- _GIVEN INFORMATION_:
-----

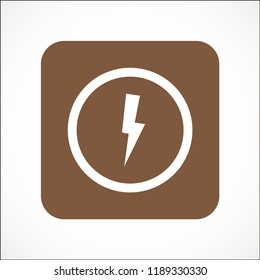 lightning vector icon 10 eps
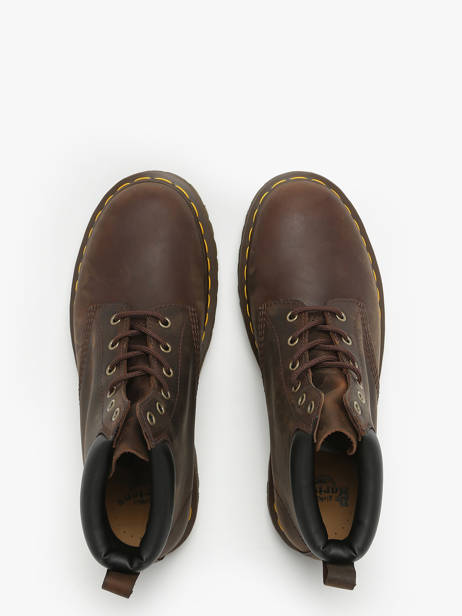 Bottines En Cuir Dr martens Marron unisex 24282207 vue secondaire 3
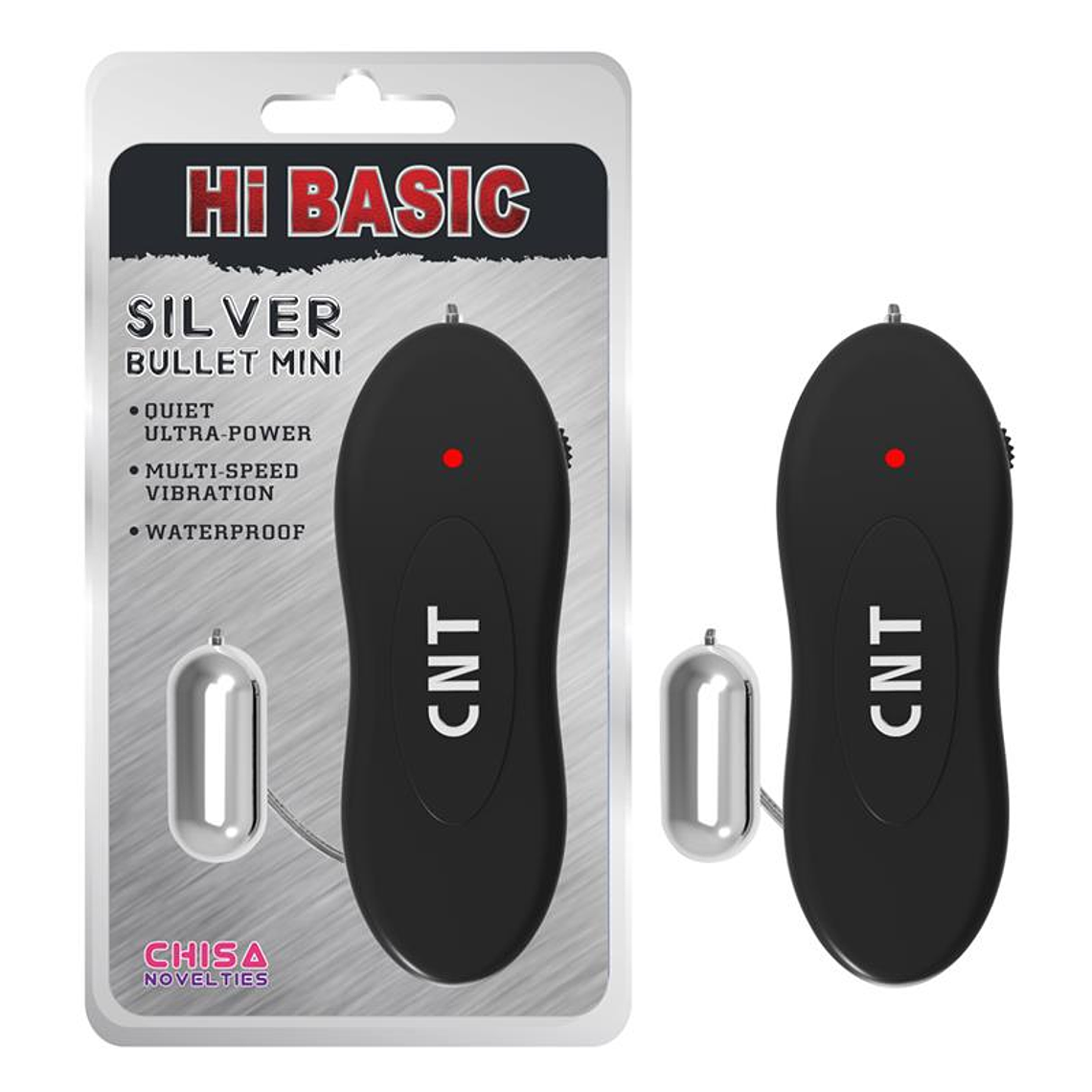 Vibrating Bullet 4.1 x 1 cm Black 2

-----

- _TASK REQUIREMENTS_: Drop the pictures, then reproduce exactly the lines from the one with "Bottines En Cuir" through the final line of the listing.

- _OUTPUT_:
 Bottines En Cuir Dr martens Marron unisex 24282207 vue secondaire 3
 Vibrating Bullet 4.1 x 1 cm Black 2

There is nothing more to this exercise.